August 28, 2015

Hugo Steinhaus, or K-means clustering in French

Kernel clustering
[Modern transcription of the Hugo Steinhaus paper in 1956 (in French), at the source of k-means clustering algorithms, published first in a french-written post]

Data clustering or clustering analysis belongs to statistical data analysis methods. It aims at forming groups of objects that are similar in some way. Those groups are named clusters. The word cluster is related to clot, for thick mass of coagulated liquid or of material stuck together

The whole set of objects contains heterogeneous data, that ought to be grouped into subsets possessing a greater inner homogeneity. Such methods rely on similarity criteria or proximity measures. They are related to classification, machine learning, segmentation, pattern recognition, and have applications ranging from image processing to bioinformatics.
One of the most popular clustering method is known as K-means (k-moyennes in French). with a variation called dynamic clustering (beautifully called nuées dynamiques in French, for an application in bilogy: Kinetic transcriptome analysis reveals an essentially intact induction system in a cellulase hyper-producer Trichoderma reesei strain, Dante Poggi et al., Biotechnology and Biofuels, 2014).

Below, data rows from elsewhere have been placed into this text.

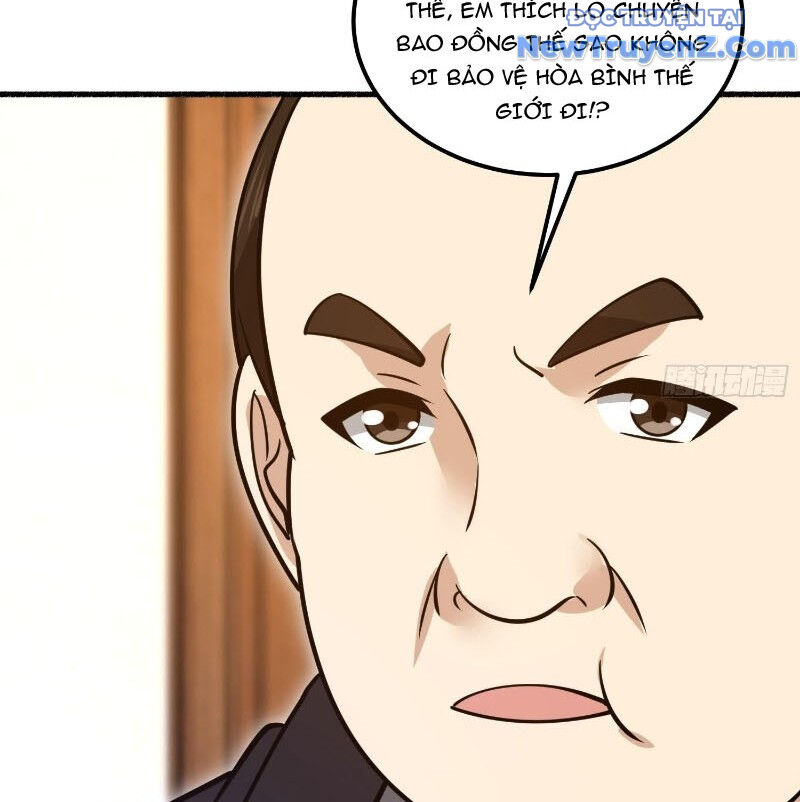 Đệ Nhất Danh Sách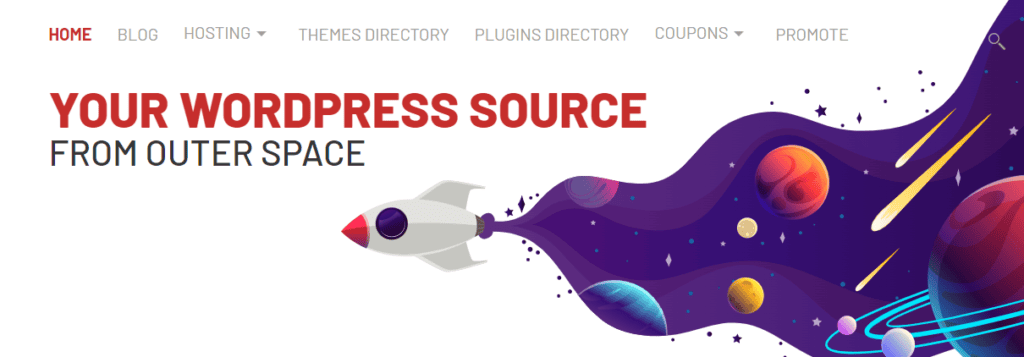 wplift-wordpress-tips-news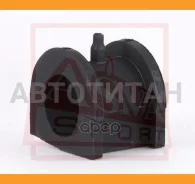 ������ ������������� | ����� ����/��� | 0407CS5WF ����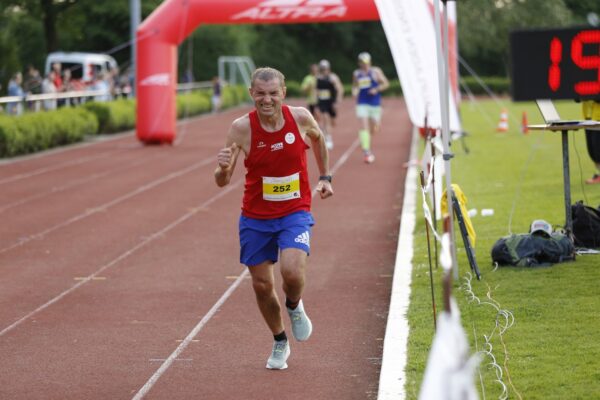 RAL_2024_10km_Lauf_ (366)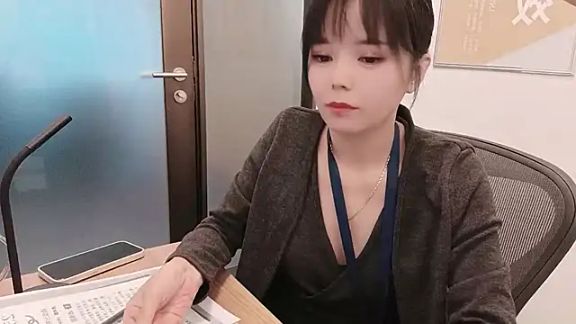 KKMM168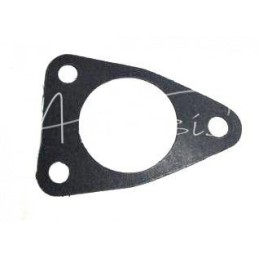 20 vnt - Padavimo siurblio sandariklis P2.48.00 Bizon Ursus C-330 C-360 - P2148000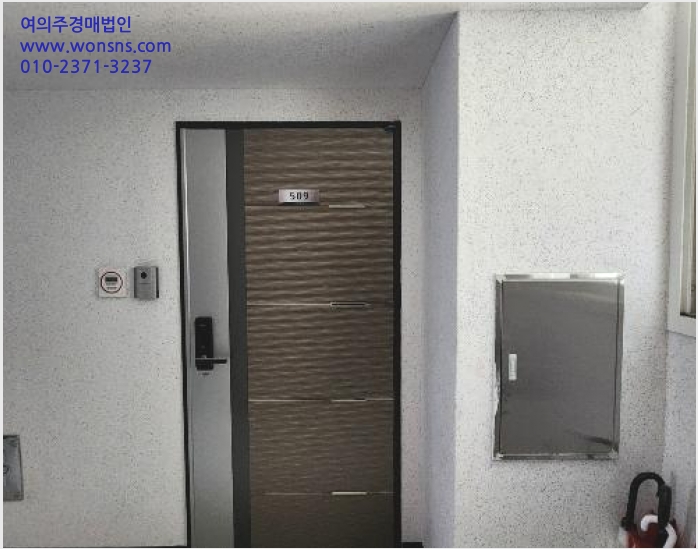 ¾ÆÆÄÆ® »çÁø1 | »ç»ó±¸ ±¥¹ýµ¿ 270-9 ÆÄÅ©ºí·ç11Â÷ | 2024Ÿ°æ4620 | ¾ÆÆÄÆ®°æ¸Å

An history of K-means can be found in Data Clustering: 50 Years Beyond K-Means, Anil K. Jain, Pattern recognition letters, 2010. Other historic bits can be found in Origins and extensions of the k-means algorithm in cluster analysis, Hans-Hermann Bock, Electronic Journ@l for History of Probability and Statistics, 2008. This algorithm is deeply linked to Lloyd-Max algorithm, developed by Lloyd in  1957, and rediscovered by Max three after after. It is useful for optimal scalar quantifier design.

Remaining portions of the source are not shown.